MT: In that same poem you also write, “There’s no predicting when you’ll find a tiny shell in a pile of gravel.” I can’t help but to think of that image as a metaphor for your poetry.
Daniels: Yeah, it is a kind of ars poetica poem, I think, that’s why I opened with it. You don’t always find that shell, but if you stop searching, then what’s the point? One of the jobs of a writer I think is to find the extraordinary in the ordinary. Sometimes the shell looks a lot like a piece of gravel. Sometimes what looks like a shell is just a piece of gravel. The shell: It’s something hard that contains — or at one time contained — something alive. You’ve got to stop and look hard at this small thing.
MT: You also write, in a poem that recalls going to a Black Sabbath show at the Michigan State Fairgrounds, “Poetry was all I had that wasn’t toxic.” Can you talk a bit about the “toxic” and how poetry was a sort of antidote?
Daniels: Yeah, the toxic. The drinking age was 18 in Michigan back then, which meant, back in my neighborhood in Warren, and in a lot of other places, that the “trickle down” drinking age was around 14. I started drinking, and drinking heavily, way before I should have — I didn’t know what the hell I was doing. Drugs were in the mix too, but at that time, drinking was really the problem. I was getting wasted a lot, and that really became the focus of my life to such an extent that I quit drinking right around high school graduation, when a lot of people were just getting started. I started again and amped up the drugs big-time, then quit again, started again, then quit for good, but my whole freshman year of college I was straight and sober. It was like college was my dry-out camp for me to try and get my life together and get rid of all the poison. I don’t want to go into a catalogue of all my little sins and crimes, but in general, my behavior itself was toxic. Cruel. Destructive. Selfish. It kept me from myself, if that makes any sense — it pushed me further from looking inward, where I needed to look. It was poetry that allowed me to turn inside and have a good look and rediscover my heart.
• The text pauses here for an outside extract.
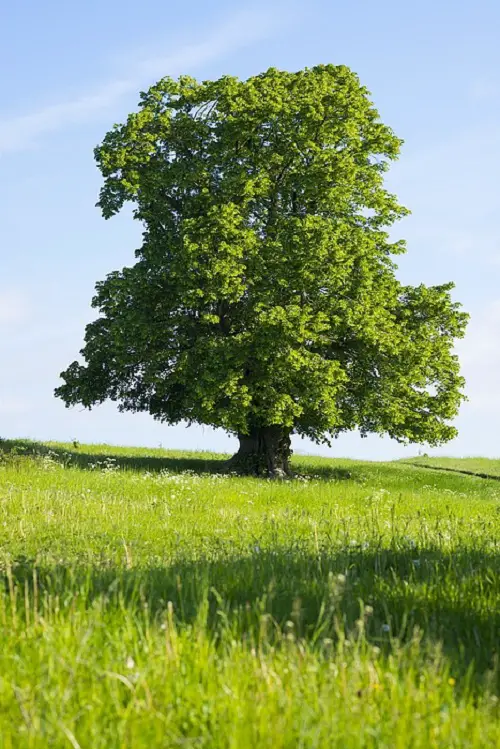 amazing Trees to Reduce Pollution 3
MT: Phil Levine writes, “We burn this city every day.” You write, “It’s never stopped burning.” There’s a question somewhere in between these two voices — if you can hear it being asked.
Daniels: Well, I will say a couple of things. First, Phil is great. I have a photo above my desk that Phil had my wife take a number of years ago at the Dodge Festival. He said he wanted a photo of two Detroit poets. Later, he mailed the photo to me. It was a great gesture from a great poet. One of my highlights was reading with him at Alvin’s in Detroit. A shout-out to the legendary M.L. Liebler for putting that together.
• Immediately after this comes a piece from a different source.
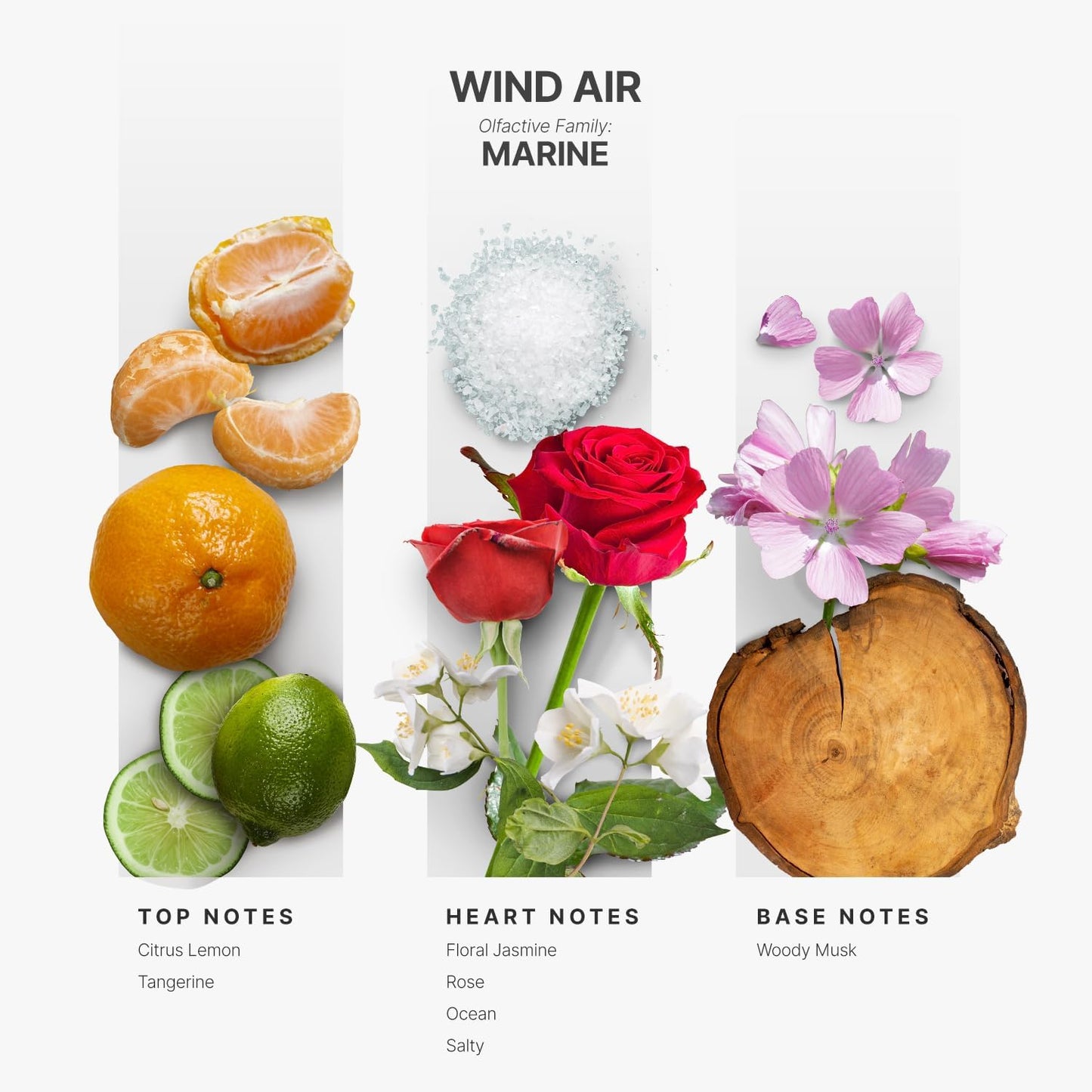 Aromaplan Hotel Scents Wind Air 5 Fl Oz (148ml), Home Luxury Aroma & Hotel Collection Diffuser Oil- Hotel Diffuser Oil for Aromatherapy- USA Made, Bigger Bottle, Bolder Aroma & Longer Lasting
I would never try to speak for Phil, but what I was trying to get at was that long after the riots, the literal burning — and the Devil’s Night fires — that the city continued to smolder — economically, spiritually, in so many ways. That in some ways, the city’s never recovered from the ’67 riots. But also, fire as a positive force — I doubt readers would get all this, but I was also thinking about fire as a life force, that it can reflect the spirit of a people and place — defiance, the will to survive, the fire burning inside.
MT: I consider you a Detroit poet. You write, “In ‘68, when the wind blew in off the river, Detroit still reeked wet smoke from the riots.” Your poems reek of Detroit. You grew up in Warren. You live in Pittsburgh now. You’ve been living there for more than 30 years. And yet your poems are still very Detroit. In what ways do you see yourself as still being a Detroit poet?
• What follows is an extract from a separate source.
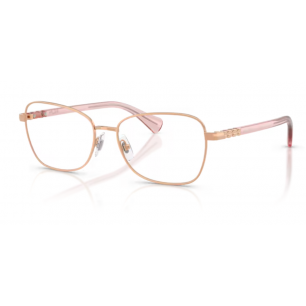 Rama de vedere Ralph RA6062-9427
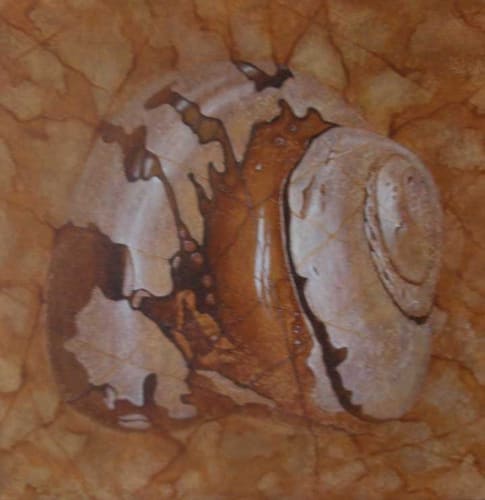 NAUTILUS SERIES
Daniels: That’s a great question. Detroit, we can all agree, is a complicated place. I never think of myself as any kind of authority on Detroit — particularly since I haven’t lived there in so many years. I come back regularly to visit family, but it’s not the same thing. Phil Levine has his version of Detroit. I have my version. And all I can do is tell my stories as part of the larger complex story of the city.